The same applies even more to economic forecasting. In 1966 the Nobel prize-winning economist Paul Samuelson – like Mr. Lorenz, a professor at the Massachusetts Institute of Technology – joked that declines in U.S. stock prices had correctly predicted nine of the past five American recessions. I know economists with much worse batting averages. They predict a financial crisis every year and once a decade they are right, at which point the media hail the stopped clock as a prophet. Economic forecasters are, in fact, far worse at their jobs than weather forecasters.

Of 469 downturns in national economies since 1988, according to Andrew Brigden of Fathom Consulting, the International Monetary Fund had predicted only four by the spring of the year before they began.
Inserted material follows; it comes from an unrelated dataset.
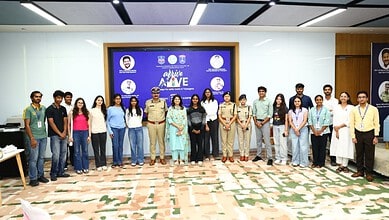 Group of young professionals and police officers standing together at a corporate event in a modern confe.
As for the great financial crisis of 2008-09, just a handful of economists saw it coming.

That means that we should treat with skepticism those who confidently predict a U.S. recession next year. And, if there is one, we should treat with even more skepticism those who blame it on Trump.

The real point about the gorilla effect, remember, is how little the swinging of the gorilla’s fists has really mattered since he climbed atop the White House. Just like the butterfly, the gorilla may have prevented as many tornadoes as it caused. Indeed, Mr. Trump’s economic policies have almost certainly been, on balance, more conducive to economic growth than the opposite.

“You have no choice but to vote for me,” Mr. Trump declared at a rally in New Hampshire last week, “because [otherwise] your 401(k)s [retirement savings plan] – down the tubes ... So whether you love me or hate me, you’ve gotta vote for me.”

That’s a line that could come back to haunt him if everything goes down the tubes before November next year, when Americans will decide if he’s a one or two-term president. But if Mr. Trump gets lucky, and the economic weathermen are wrong again, the 800-lb. gorilla might get four more years of fist-swinging.